• What you will do: Within the entries below, please return exactly the lines from the one with "Apartamento Amores" through the one with "Nivea For Men", leaving out any pictures.

• Record excerpts:
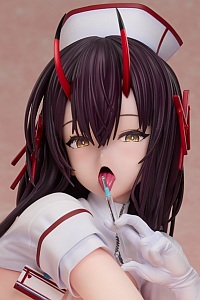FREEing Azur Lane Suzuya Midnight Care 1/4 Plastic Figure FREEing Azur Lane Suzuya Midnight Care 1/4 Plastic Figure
---
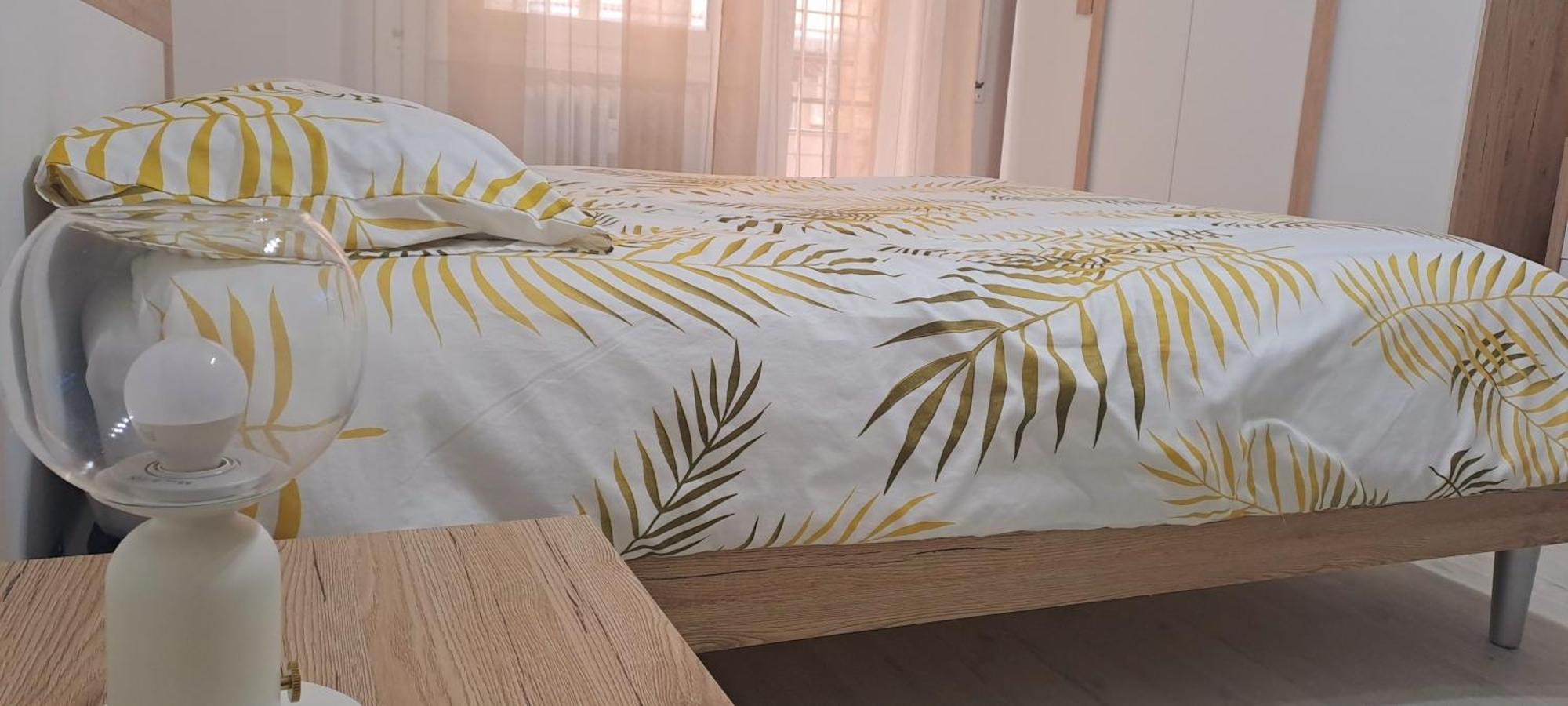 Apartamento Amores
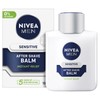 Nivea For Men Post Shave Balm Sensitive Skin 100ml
---
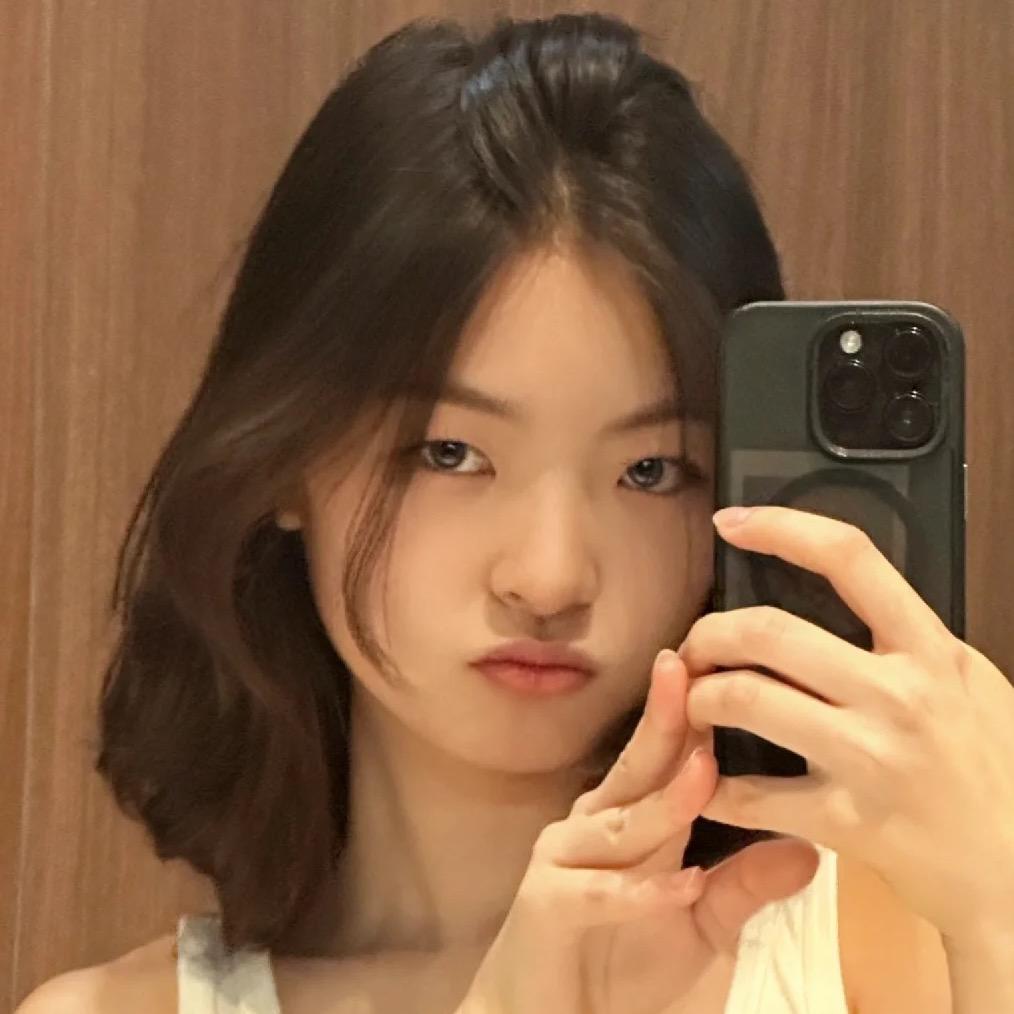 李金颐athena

• Task answer:
 Apartamento Amores
 Nivea For Men Post Shave Balm Sensitive Skin 100ml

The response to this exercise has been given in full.